REQUIRED ACTION: In the entries that follow, the first line to write out is the one containing "If You're Gonna", and the last is the one containing "百锐卷尺3m7.5米10加厚耐磨正品". Reproduce that stretch exactly, with nothing before or after it.

SOURCE MATERIAL:

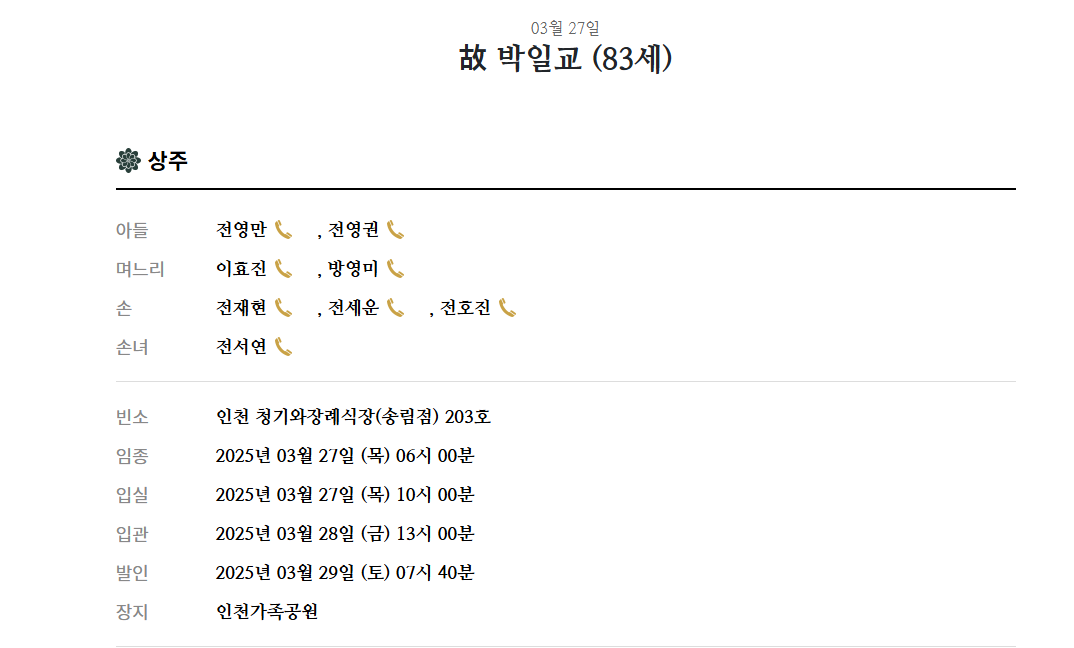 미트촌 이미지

--

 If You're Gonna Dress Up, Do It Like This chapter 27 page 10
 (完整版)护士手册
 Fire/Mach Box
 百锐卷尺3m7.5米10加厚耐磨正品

EXERCISE SOLUTION:
 If You're Gonna Dress Up, Do It Like This chapter 27 page 10
 (完整版)护士手册
 Fire/Mach Box
 百锐卷尺3m7.5米10加厚耐磨正品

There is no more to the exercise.